Monday, April 23, 2007

China-Russia Economic Alliance

The Sino-Soviet communist alliance of old has been transformed to a 21st century economic alliance now that they have resolved all their border disputes in 2005 ─ for the first time in 40 years. The Chinese and Russian economies are complimentary. Many of the products they generate do not compete directly. That is why Russia is not as concerned about China’s rising economic might as the U.S., Europe and Japan.

Little Russia in Beijing makes Chinatowns in America look like one horse towns. Hundreds of square blocks with stores of Russian made merchandise, restaurants, residential towers and direct factory outlets. Russian is spoken everywhere by Russians and Chinese alike.

Russia’s Primorsky Territory, with Vladivostok as its capital, borders three provinces in Northeast China that have century-old trade ties with each other. Heliongjiang and Jilin provinces are in the forefront of the cross-border trade. Suifenhe, a mountain city in China’s northeast Heliongjiang, is a booming border town because 5000 Russians cross the border each day to shop. Not just personal good but substantial trade deals involving textiles, shoes, fur coats, watches, appliances, electronics and food. They spent $1 billion in 2006. It is not one way trade. China buys timber, fertilizer, cement, steel and frozen fish. Heliongjiang spent $135.6 million in 2005 promoting its business ties with Russia with the aim of boosting the bilateral trade volume between the two countries to between $60 billion and $80 billion by the end of 2010. The provinces trade volume with Russia jumped from $1.79 billion in 2001 to $20 billion in 2004.

Vladimir Putin launched the “Year of Russia” in China in 2006, with more than 200 political, economic, military and cultural programs planned to highlight the warming ties. When Russia took on the presidency of the G8 summit, Putin invited China’s Hu Jintao to attend as Russia’s guest. China reciprocated with China’s Hu launching the “Year of China” in Moscow in 2007 with its largest ever overseas exhibition of 200 events, with a cultural festival, business forum and investment conference. Both countries have agreed to cooperate in the exploration of Mars. The relationship is purely strategic. It is a marriage of convenience without any passion.
Russia is not only China’s main defense partner, but is fast becoming China’s primary source of energy. A 2,300km multi-billion dollar oil pipeline from eastern Siberia to China was started in late 2005 and will become operational in November 2008. It will carry 30 million tones of oil, over three times the current volume of Russian oil being exported to China by rail. Russia has pledged to expand the flow to 50 million tones a year, roughly 1.2 million barrels a day. The alliance is a natural one. They share a peaceful common border and both want to extend their influence in central Asia and reduce U.S. influence there. They are succeeding ─ America is becoming isolated.

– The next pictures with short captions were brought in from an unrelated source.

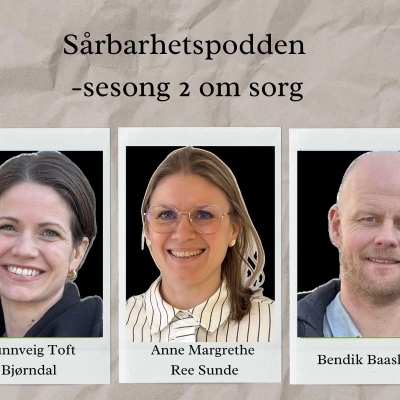 episode Sårbarhetspodden sesong 2 episode 6 - Gunnveig Toft Bjørndal og Bendik Baasland om å begrave barn artwork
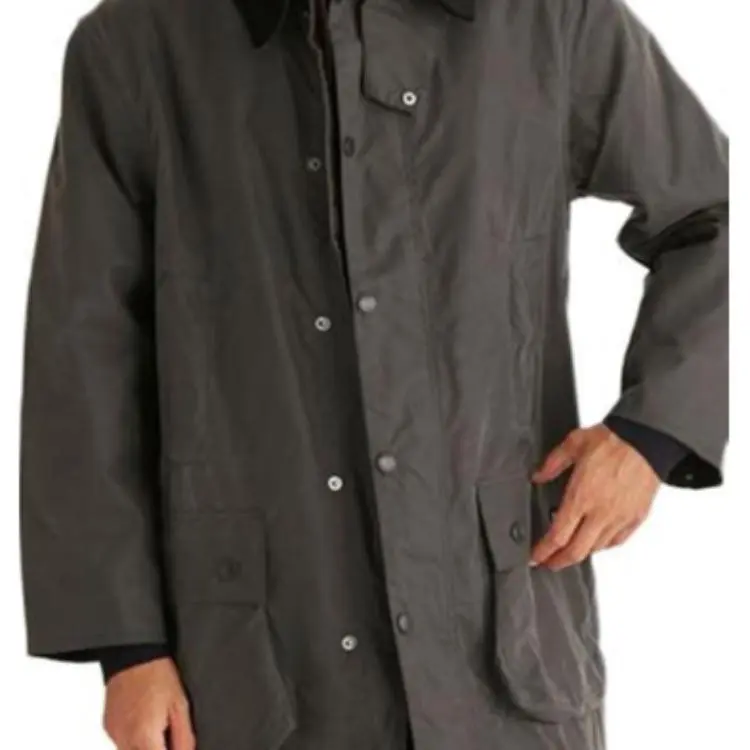 BARBOUR Coats Men Gray-5
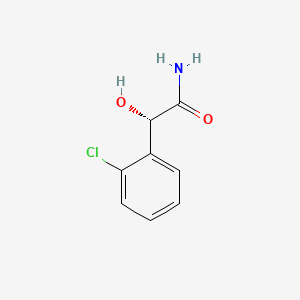 molecular formula C8H8ClNO2 B13737719 Benzeneacetamide,2-chloro-a-hydroxy-, (S)-(9CI) 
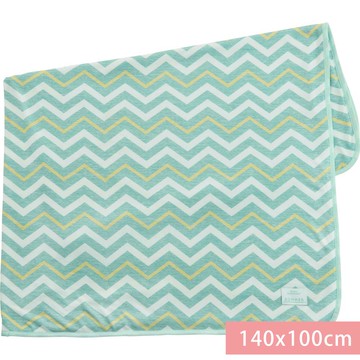 日本 DAIKAI - 接觸涼感毯-幾何波浪 (140x100cm)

Given the huge gap between the populations and the very distant interest of Moscow compared to the close involvement of China, the Russian Far East risks being transferred, in all but name, to a form of Chinese control. There are several hundred thousand Chinese, if not millions, living and doing business in the country. Russia is acutely aware of this and has started cracking down on Chinese migrant communities in its retail and farming sectors.